In recent years, the lesbian, gay, bisexual, and transgender community has gained many civil rights. Yet people continue to be fired, demoted, or treated differently at work because of their gender identities or sexual orientation. Until last week, however, no appellate court had ever ruled that the Civil Rights Act protects LGBT individuals from employment discrimination.
On April 4, the Seventh Circuit granted a significant victory for LGBT rights. In a 8-3 en banc decision in Hively v. Ivy Tech Community College, the court held that Title VII of the Civil Rights Act of 1964 protects employees from discrimination based on their sexual orientation. By overruling precedent and departing from decisions issued by other appellate courts, the decision may set the stage for the Supreme Court to rule on the issue.
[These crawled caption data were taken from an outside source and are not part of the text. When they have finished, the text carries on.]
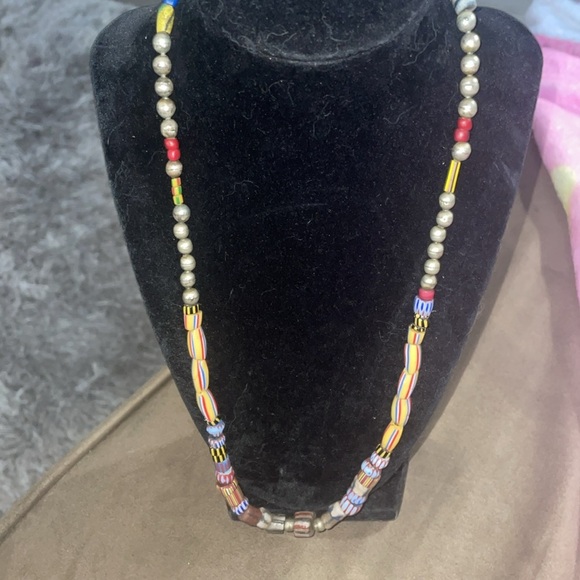 Antique Venetian Chevron Old African trade bead Necklace - Picture 2 of 8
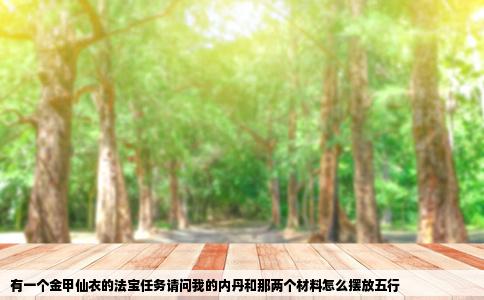 有一个金甲仙衣的法宝任务请问我的内丹和那两个材料怎么摆放五行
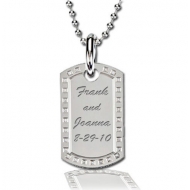 Stainless Steel Diamond Dog Tag on a 30 inch Bead Chain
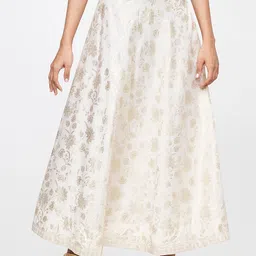 Global Desi Women Off White Gold-toned Printed Flared Maxi Skirt-picture-29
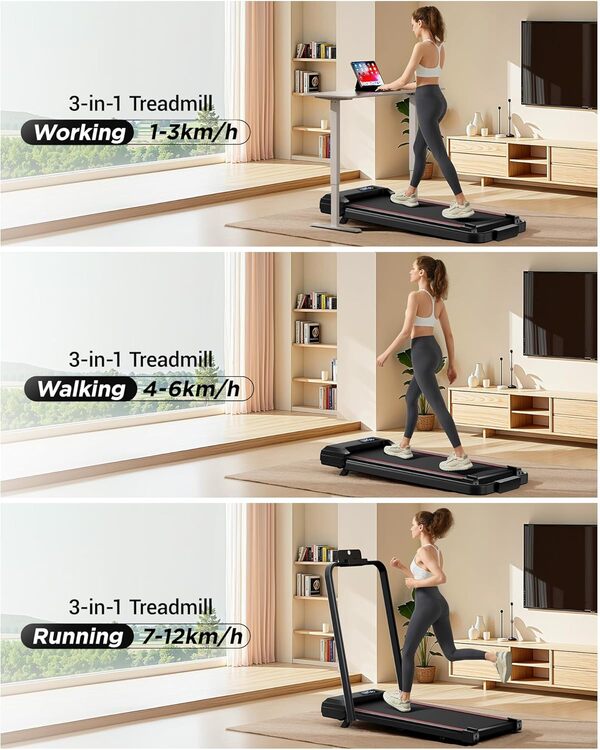 LONTEK Tapis de Course Pliable Inclinable 12KM/H, Tapis de Marche Pliable Inclinable 10%/15% avec Moteur Silencieux Amélioré de 3.0HP, Charge Max 136KG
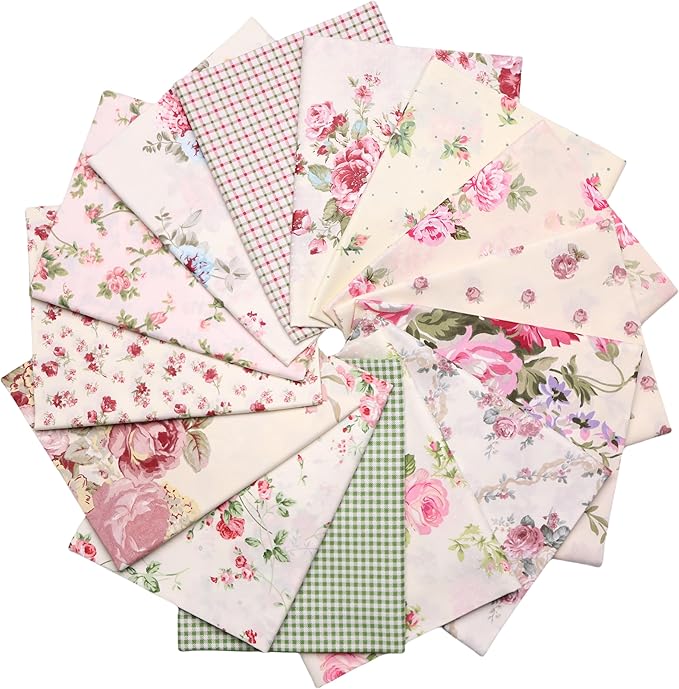 Nodsaw 14-Pieces Vintage Floral Fat Quarters Fabric Bundles Pre-Cuts 18" x 22" - Retro Floral, Rose & Check Prints Cotton Fabric for Quilting, Sewing, Patchwork, and DIY Crafts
The case involves Professor Kimberly Hively, who alleges that Ivy Tech Community College declined to promote her and ended her part-time teaching contract because she is lesbian. Title VII of the Civil Rights Act makes it illegal for an employer to discriminate against an individual “because of such individual’s race, color, religion, sex, or national origin.” But the law does not explicitly ban discrimination on the basis of sexual orientation.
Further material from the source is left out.